BIR: Revision of EU shipment regulations could pose serious export threat

The European Commission is considering changes to EU waste shipment regulations that could prove to be of “tremendous importance” and potentially highly damaging to export flows of many recycling materials, including ferrous and non-ferrous metals, recovered paper and plastics, the latest online meeting of the BIR’s International Environment Council (IEC) was warned yesterday by its Chairman, Olivier François of Galloo.

One of the priorities established for the revision of the regulations is to restrict exports of materials designated as “waste”, including many of the high-specification materials produced by the recycling industry. Europe generated surpluses of “quality secondary raw materials” that could not be absorbed by its domestic market and so “we don’t think waste shipments should be restricted even further”, argued Julia Blees, Senior Policy Officer at the European Recycling Industries’ Confederation. Mr François agreed that such a move could lead to “tension” given that “many developing countries need the raw material”.

According to both speakers, the key phrase in the new Commission proposals is that users in importing countries should be operating under “broadly equivalent conditions” to those applying to consumers in the EU, in terms of both human health and environmental protection. Ms Blees urged that differentiation should be made between shipments to OECD and to non-OECD countries, as the former adhered to very similar standards to those applied in the EU.

A producer perspective was provided to the IEC meeting on May 31 by Aurelio Braconi, Senior Manager – Circular Economy and Raw Materials at European steel association Eurofer. Describing the changes likely to issue from the European Green Deal as a legislative “tsunami”, he expressed concern at the potential for a growing gap between practices and standards in Europe compared to the rest of the world.

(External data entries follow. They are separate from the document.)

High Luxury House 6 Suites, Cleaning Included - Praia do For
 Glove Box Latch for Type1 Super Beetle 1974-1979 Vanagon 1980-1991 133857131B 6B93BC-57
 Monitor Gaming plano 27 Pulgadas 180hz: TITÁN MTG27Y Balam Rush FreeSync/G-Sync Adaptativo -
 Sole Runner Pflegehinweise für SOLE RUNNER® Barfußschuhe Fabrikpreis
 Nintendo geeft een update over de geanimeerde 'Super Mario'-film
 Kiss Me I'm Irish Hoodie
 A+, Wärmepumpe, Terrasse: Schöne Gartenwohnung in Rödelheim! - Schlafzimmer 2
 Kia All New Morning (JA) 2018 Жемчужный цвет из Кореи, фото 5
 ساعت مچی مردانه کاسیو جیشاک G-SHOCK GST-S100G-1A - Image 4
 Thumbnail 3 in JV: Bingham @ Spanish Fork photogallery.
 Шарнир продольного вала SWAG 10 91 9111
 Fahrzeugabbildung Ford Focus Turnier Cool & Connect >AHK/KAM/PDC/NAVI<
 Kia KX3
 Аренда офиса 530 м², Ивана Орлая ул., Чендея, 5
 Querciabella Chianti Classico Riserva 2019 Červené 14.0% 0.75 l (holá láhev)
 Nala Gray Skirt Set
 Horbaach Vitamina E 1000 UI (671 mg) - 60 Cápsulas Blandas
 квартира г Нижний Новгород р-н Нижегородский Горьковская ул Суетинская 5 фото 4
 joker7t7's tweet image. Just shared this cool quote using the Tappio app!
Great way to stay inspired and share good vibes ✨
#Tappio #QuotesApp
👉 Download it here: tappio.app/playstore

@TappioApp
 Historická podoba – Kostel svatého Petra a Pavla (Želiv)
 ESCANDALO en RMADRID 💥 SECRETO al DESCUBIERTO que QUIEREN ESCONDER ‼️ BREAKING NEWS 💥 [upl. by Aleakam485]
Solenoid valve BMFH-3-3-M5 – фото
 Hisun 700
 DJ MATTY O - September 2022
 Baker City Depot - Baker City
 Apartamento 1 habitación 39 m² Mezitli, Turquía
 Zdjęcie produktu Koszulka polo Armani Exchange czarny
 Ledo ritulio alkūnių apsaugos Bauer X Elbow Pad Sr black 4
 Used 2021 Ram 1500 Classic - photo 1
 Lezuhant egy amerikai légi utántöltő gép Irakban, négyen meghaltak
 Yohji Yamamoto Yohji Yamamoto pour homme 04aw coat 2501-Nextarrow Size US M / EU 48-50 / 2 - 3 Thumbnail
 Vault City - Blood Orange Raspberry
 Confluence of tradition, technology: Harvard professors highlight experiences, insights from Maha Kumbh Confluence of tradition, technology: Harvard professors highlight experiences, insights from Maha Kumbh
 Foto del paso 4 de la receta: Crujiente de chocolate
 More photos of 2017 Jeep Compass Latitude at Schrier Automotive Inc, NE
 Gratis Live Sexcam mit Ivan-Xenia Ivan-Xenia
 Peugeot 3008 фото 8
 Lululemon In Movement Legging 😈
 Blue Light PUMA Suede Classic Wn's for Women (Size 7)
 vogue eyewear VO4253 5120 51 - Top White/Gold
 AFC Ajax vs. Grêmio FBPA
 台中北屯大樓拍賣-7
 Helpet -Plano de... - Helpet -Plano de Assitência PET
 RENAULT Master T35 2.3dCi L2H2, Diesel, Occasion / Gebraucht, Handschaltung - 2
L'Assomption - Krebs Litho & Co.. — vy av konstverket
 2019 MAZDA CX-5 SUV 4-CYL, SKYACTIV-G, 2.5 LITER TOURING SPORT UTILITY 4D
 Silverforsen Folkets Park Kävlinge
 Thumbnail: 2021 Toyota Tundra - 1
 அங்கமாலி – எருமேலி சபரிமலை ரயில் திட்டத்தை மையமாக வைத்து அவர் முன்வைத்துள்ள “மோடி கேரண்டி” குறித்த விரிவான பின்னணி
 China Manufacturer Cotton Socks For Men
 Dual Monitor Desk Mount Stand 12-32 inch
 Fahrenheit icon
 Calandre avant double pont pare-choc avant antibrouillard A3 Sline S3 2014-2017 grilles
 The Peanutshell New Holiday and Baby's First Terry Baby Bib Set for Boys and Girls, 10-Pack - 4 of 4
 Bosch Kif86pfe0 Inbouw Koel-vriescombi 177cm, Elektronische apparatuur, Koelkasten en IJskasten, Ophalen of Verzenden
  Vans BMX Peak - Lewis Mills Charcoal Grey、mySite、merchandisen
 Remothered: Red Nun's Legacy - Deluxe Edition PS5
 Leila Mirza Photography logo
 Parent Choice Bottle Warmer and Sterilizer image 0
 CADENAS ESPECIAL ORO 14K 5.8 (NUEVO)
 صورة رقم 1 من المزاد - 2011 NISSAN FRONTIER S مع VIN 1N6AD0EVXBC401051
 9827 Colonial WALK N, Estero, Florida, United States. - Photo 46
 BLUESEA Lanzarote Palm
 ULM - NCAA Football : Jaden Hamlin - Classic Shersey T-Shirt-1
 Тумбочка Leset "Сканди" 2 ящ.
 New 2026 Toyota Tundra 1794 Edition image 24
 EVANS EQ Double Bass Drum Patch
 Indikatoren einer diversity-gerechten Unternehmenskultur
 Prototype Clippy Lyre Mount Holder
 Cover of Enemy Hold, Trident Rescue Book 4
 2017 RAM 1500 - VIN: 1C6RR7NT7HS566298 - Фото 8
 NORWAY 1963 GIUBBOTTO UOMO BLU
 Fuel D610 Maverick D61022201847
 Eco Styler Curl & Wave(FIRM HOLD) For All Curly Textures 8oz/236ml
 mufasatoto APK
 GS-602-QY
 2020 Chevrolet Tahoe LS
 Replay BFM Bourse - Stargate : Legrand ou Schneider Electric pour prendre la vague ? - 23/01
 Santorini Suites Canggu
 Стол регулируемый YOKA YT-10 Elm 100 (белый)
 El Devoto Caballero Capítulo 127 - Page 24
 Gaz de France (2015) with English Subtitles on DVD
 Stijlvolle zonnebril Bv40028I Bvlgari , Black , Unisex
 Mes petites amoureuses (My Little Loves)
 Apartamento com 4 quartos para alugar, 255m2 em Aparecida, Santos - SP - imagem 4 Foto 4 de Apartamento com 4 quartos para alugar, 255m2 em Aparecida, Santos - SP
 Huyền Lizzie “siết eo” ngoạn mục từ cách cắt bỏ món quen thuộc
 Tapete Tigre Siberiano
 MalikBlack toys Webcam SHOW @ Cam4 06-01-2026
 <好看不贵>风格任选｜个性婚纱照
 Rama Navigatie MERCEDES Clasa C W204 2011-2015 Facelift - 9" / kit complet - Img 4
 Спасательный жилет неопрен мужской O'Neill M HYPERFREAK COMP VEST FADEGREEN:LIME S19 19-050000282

It was important, he said, that countries importing scrap applied “equivalent conditions” in terms of, for example, environmentally sound management.

Describing scrap as “an essential raw material”, Mr Braconi insisted: “We want to use more ferrous scrap, to recycle more ferrous scrap into new steel and new products, to increase our resource efficiency.” Many producers were looking at ways to “enlarge their product portfolio coming from scrap”. But to achieve this, he added, it was a matter not just of supply and demand but also of quality.

Reviewing other developments of key concern to the recycling sector, BIR Trade & Environment Director Ross Bartley explained that the world recycling organization would be surveying relevant companies later this year in order to assess the cost burden of installing and running systems to detect radioactive metals inadvertently included in consignments arriving at scrap yards. There had to be an appreciation, he said, that the recycling industry was “doing a good job for society” by taking on costs in respect of radioactive sources lost or misplaced mostly by other industries.

Similarly with the persistent organic pollutants falling under the scope of the Stockholm Convention, some products contained “contamination by chemicals that are not allowed to be recycled”, Mr Bartley pointed out. “That is also a cost burden on our industry.”